Começou a época dos pinhões. Não oficialmente, acho que a venda está proibida, mas eles já estão caindo e o consumo acontecendo. Os pernilongos estão fazendo a festa, esses pequenos vampiros existem, podem voar de dia e procuram suas vítimas, os catadores de pinhão. Logo logo chegam as geadas para amenizar esse nosso sofrimento, os pernilongos deixarão de existir, pelo menos até o inverno acabar.
Esses dias em uma tarde fui pegar umas frutas na casa da minha mãe e ela me mostrou uma panela em cima do fogão, havia colocado os pinhões cozinhar e agora estavam fazendo cheiro ao meu nariz. Ela já havia comido alguns, então me ofereceu e eu prontamente sentei ao lado do fogão e comecei a me servir. Tábua de cortar carne no colo, uma concha na panela para pegar os pinhões, e um utensílio de madeira como martelo para abrir a casca e retirar a massa comestível de dentro.
Minha avó estava como de costume sentada em sua poltrona ao lado do fogão, então fiquei com vergonha de comer sozinho, comecei descascar um pinhão pra ela e dois pra mim. Sua memória lhe fez recordar de algumas coisas que ela geralmente conta nessa época, e nós da família ouvimos em todos os invernos. Que ela e uma de suas irmãs mais velhas iam juntar pinhões em um pinheiro gigante perto da casa da família quando elas eram novas, pinheiro este, acredito eu, era o mesmo que foi derrubado para madeira quando o pai delas vendeu as terras. Mas dessa vez ela se concentrou nas recordações mais alegres.

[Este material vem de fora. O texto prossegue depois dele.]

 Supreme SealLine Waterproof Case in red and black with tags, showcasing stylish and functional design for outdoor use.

— “Têm que ver se aquele pinheiro ali em cima perto das canas deu pinhão esse ano! Eu sempre juntei bastante ali.” — falou ela, recordando novamente de quando ainda conseguia com seus passos lentos ir nos pinheiros mais próximos da casa ajuntar os preciosos pinhões. — “A maioria desses que eu ajuntei foi ali!” — a minha mãe respondeu, dando um certo alívio para a minha avó, lhe mostrando que os pinhões não estão “se perdendo”.

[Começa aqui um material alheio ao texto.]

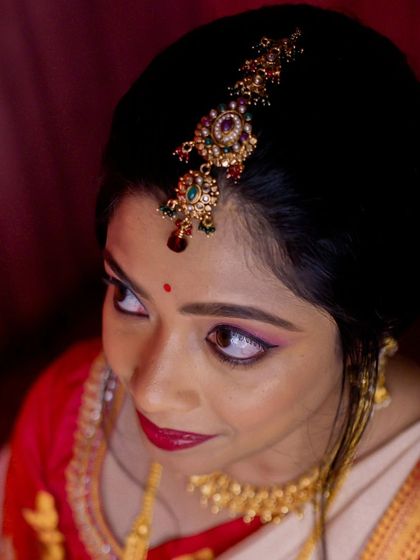 A close-up of the intricate maang tikka and the defined eye makeup, which are key elements of a traditional South Indian bridal look.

Naquele mesmo pinheiro foi tirada uma das fotos mais fofas da infância minha e do meu irmão. Eu devia ter entre quatro e cinco anos, meu irmão, entre doze ou treze. E claro, estávamos juntando pinhões, cada um com um baldinho, nossa mãe fez questão de registrar aquele momento. Entre nós e não menos importante estava a faísca, uma cadelinha pequena que fez parte da minha infância e marcou várias histórias da família (eu a chamava de “Viquiti”, não me perguntem o porquê).
Já que estou falando de pinhões e família, lembrei de um jogo ao estilo Las Vegas, feito não com cartas e roletas, mas com, adivinhem: pinhões. E foi ensinado pelo meu pai, no calor aconchegante da cozinha quente devido ao fogão a lenha, mesmo em uma manhã de geada. Já não lembro direito as regras, mas consistia em descascar um pinhão, assado na chapa, quebrá-lo ao meio e deixar que o outro participante adivinha-se qual parte do pinhão estava na mão do adversário, se a parte apontada ou a parte arredondada. Se acertasse comia o pinhão, era um jogo com prêmio saboroso e com cinquenta por cento de erro e acerto, mais generoso que os de Las Vegas.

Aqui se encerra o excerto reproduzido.